Back in December 2015, a 300-year-old ship buried in Old Town Alexandria was first detected at a construction site for a new hotel.

Local archaeologists suspected that it may have originally been used to truck heavy cargo or was built for military purposes, the Washington Post’s Patricia Sullivan reported at the time. Later research revealed that the ship had been built in Massachusetts sometime after 1741 and made its way to Virginia in the latter half of the century, where it was used as landfill to create new real estate off the 18th-century shoreline.

Now, Emily Cochrane reports for The New York Times, three additional 18-century ships have been found nearby the first. The four ships in total present a captivating look at life in Colonial-era Alexandria.
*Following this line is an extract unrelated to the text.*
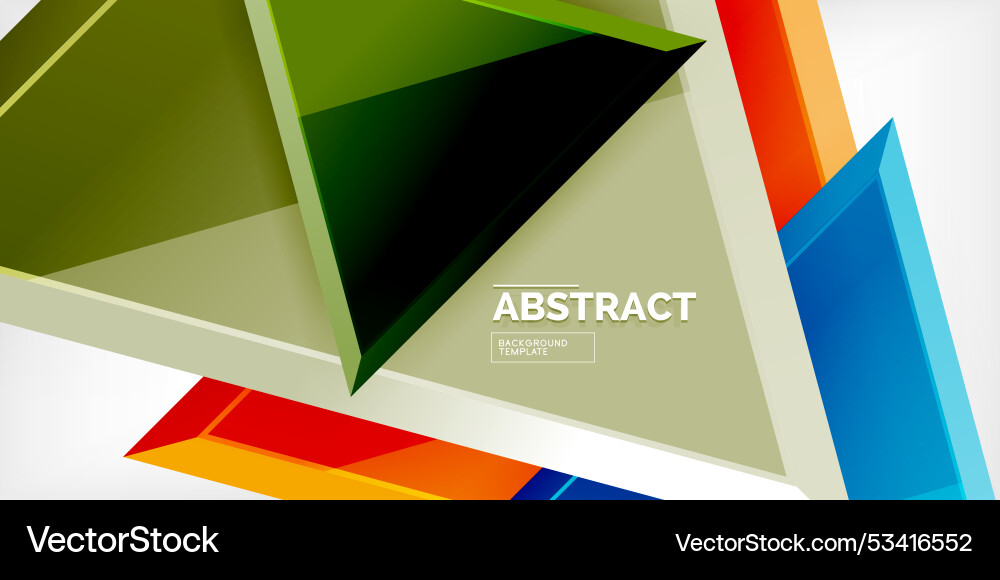 Abstract background - colorful triangles with 3d Vector Image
The three newly discovered ships were found earlier this year — with the last of the trio detected in late March, Sullivan reported in a follow-up article for the Post in April. Each of the ships were buried just feet away from one another. Pins, animal bones, jewelry, tokens from London’s Newgate Prison and Spanish and Irish coins were among other artifacts also found in the dig, Cochrane reports.
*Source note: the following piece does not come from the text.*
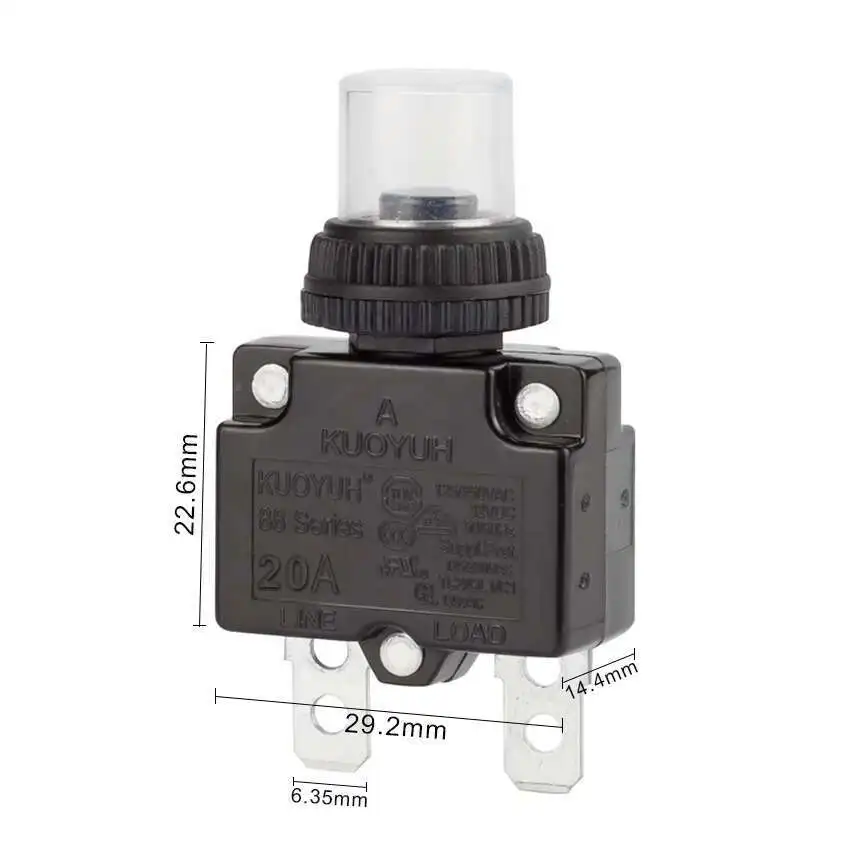 Kuoyuh 88 Series Plastic Nut Resettable Thermal Motor Protection Circuit Breaker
The three ships were detected at a construction site of a new townhouse development along the waterfront, located just a block from the site of the initial ship discovered in 2015. All development projects in Alexandria must be evaluated for potential archaeological significance before construction can begin thanks to the Archaeological Resource Protection Code, which the Alexandria Archaeological Commission pushed for in the late 1980s.

In an email to Smithsonian.com, city archaeologist Eleanor Breen says that one of the newly found ships has already "been documented, excavated and dismantled.” Its timbers, she adds, “are now stabilized in tanks of water at a city facility to prevent deterioration." The other two ships are still partially buried, and archaeological work will begin on them soon.
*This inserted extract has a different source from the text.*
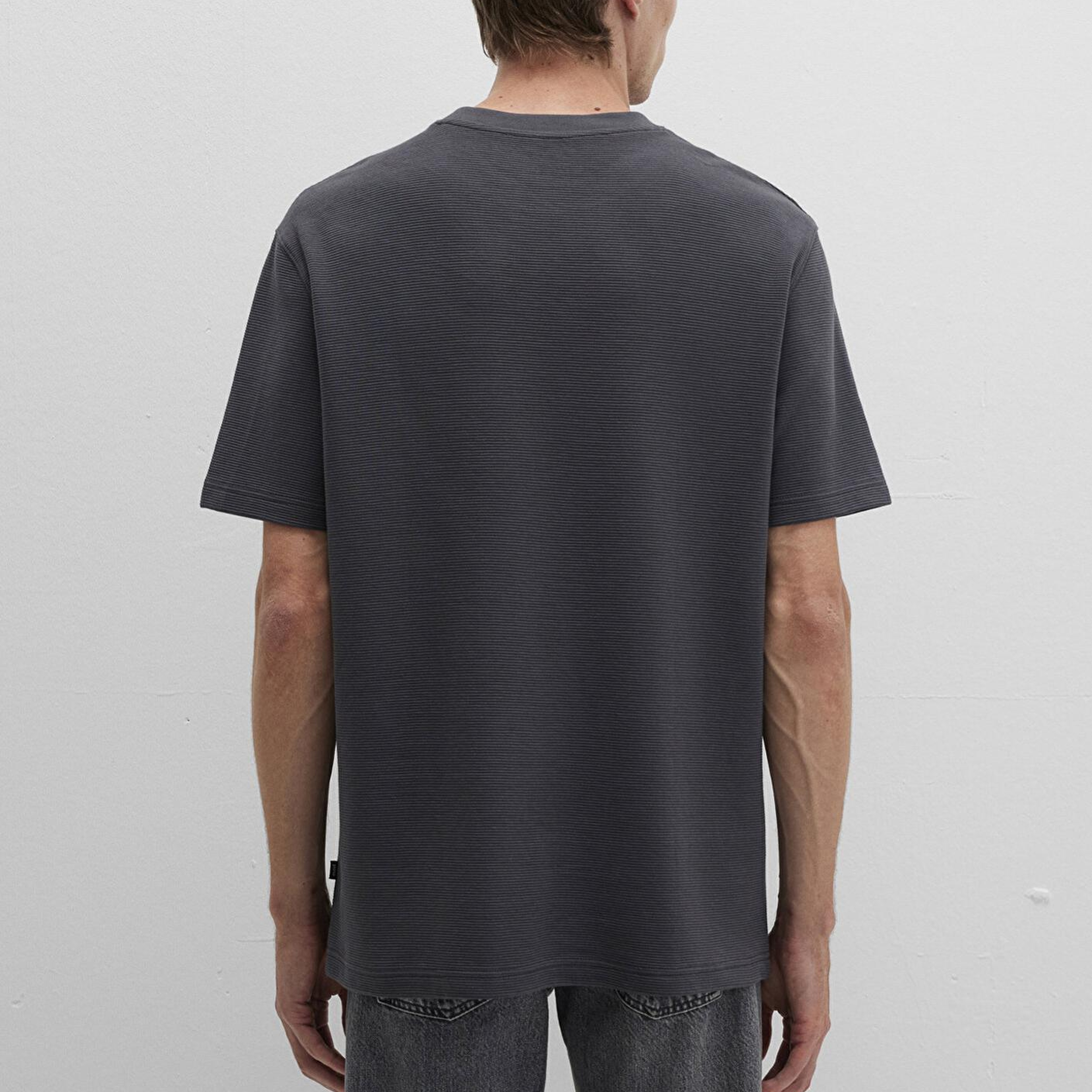 Mavi Dokulu Antrasit Basic Tişört Loose Fit / Bol Rahat Kesim 0612830-80106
Archaeologists believe that like the ship found in 2015, these three ships were filled with soil and buried so the city could expand its real estate into the shoreline. This is not an unusual practice—San Francisco is among the many cities to have intentionally sunk ships to create more land.

“It tells us a lot about the resourcefulness of our predecessors, how pragmatic they were,” city historian Dan Lee tells Cochrane. “They don’t put ships in there because they’re sentimental, but because they needed something and they found a way to do it.”

Archaeologists believe one of the newly discovered ships was an ocean vessel while the other two were river crafts. Since excavations are nearly complete, Breen tells Cochrane that it isn’t likely any more sunken ships will be surface at this specific site.